> [Prompt] Give again, word for word, the lines below that run from the line with "Wine Half Button Down Sweater" through the line with "Bambi Cartoon Kissenbezug". Drop the pictures.

> [Data section]

------------------------------------

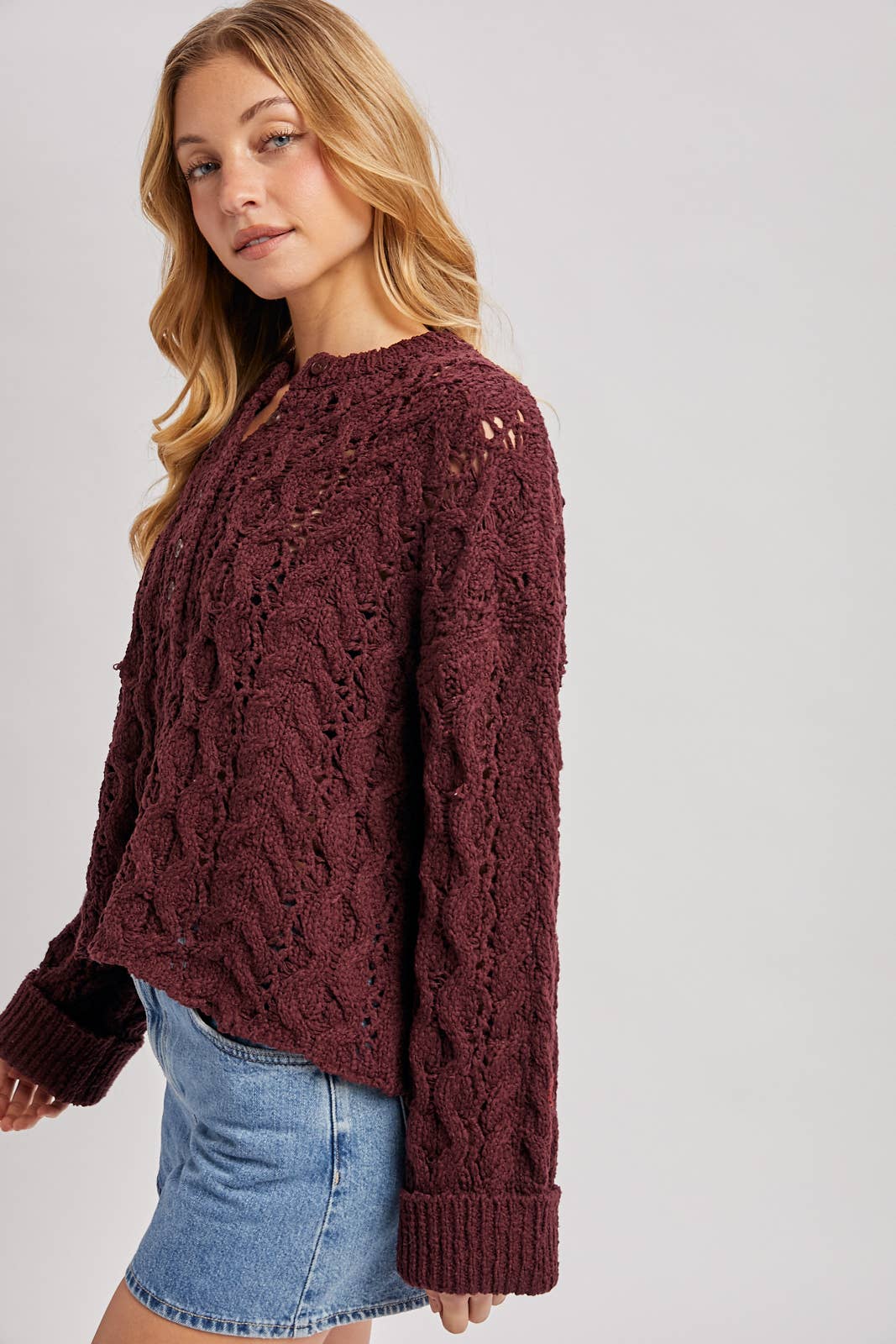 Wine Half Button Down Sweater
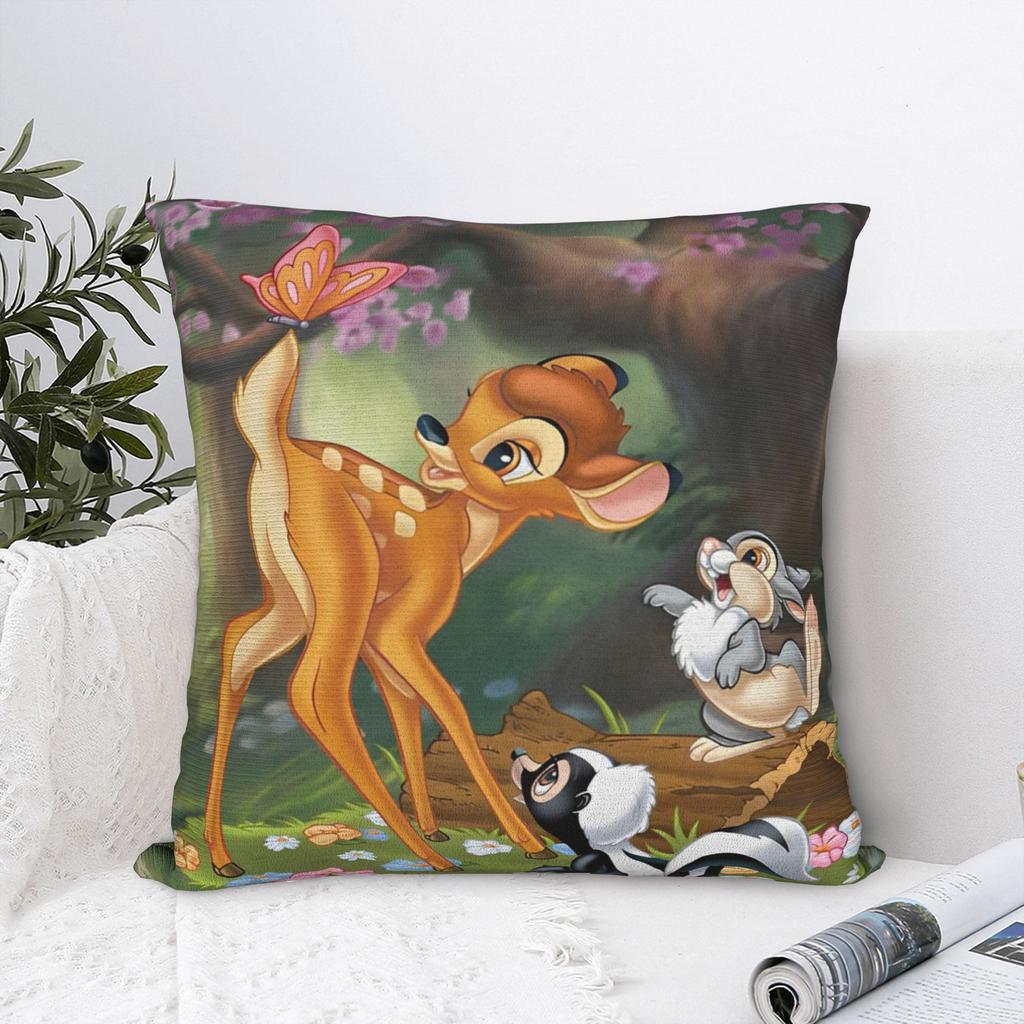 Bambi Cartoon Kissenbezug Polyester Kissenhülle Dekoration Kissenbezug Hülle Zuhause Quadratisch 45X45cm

------------------------------------

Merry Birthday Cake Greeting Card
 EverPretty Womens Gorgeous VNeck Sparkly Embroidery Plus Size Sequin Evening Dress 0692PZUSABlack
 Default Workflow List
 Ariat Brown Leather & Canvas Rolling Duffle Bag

------------------------------------

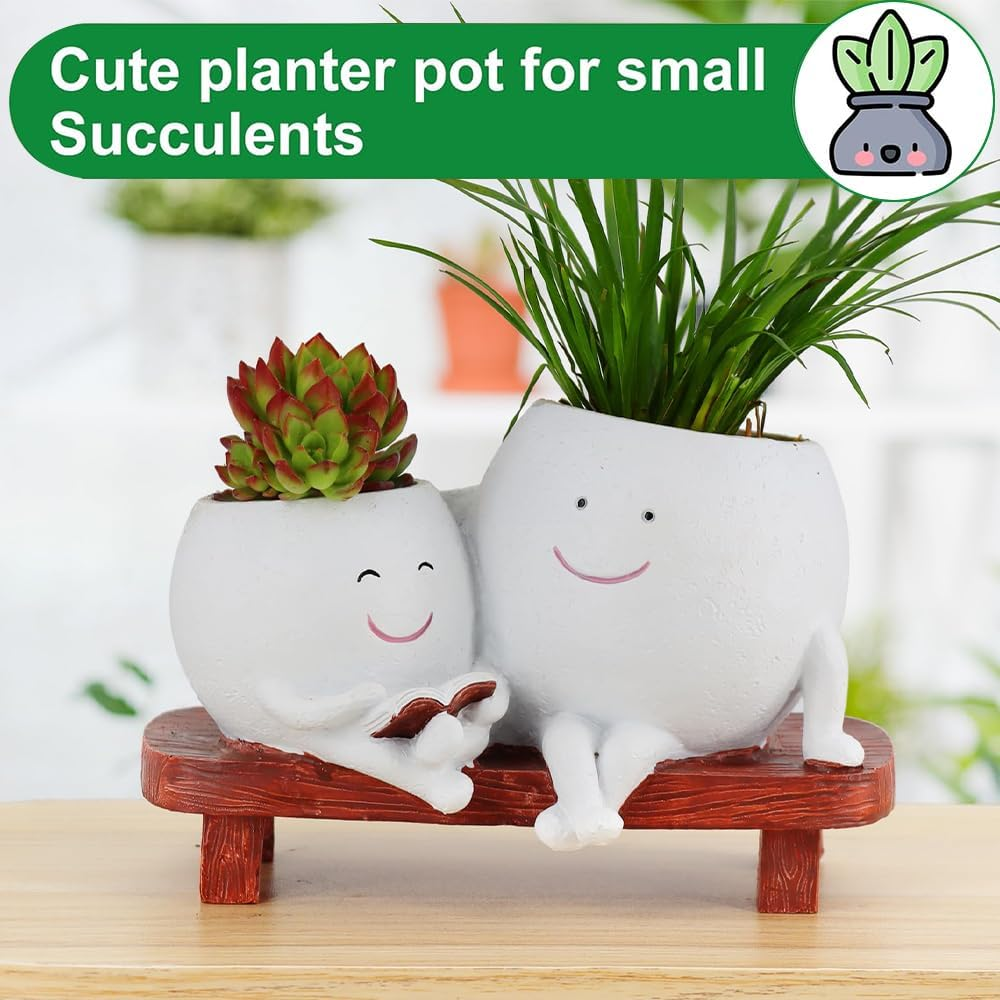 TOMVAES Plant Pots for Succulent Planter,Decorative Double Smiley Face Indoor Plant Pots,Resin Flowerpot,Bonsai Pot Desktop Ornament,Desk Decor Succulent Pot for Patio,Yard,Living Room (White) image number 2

------------------------------------

> [Completed task]
 Wine Half Button Down Sweater
 Bambi Cartoon Kissenbezug Polyester Kissenhülle Dekoration Kissenbezug Hülle Zuhause Quadratisch 45X45cm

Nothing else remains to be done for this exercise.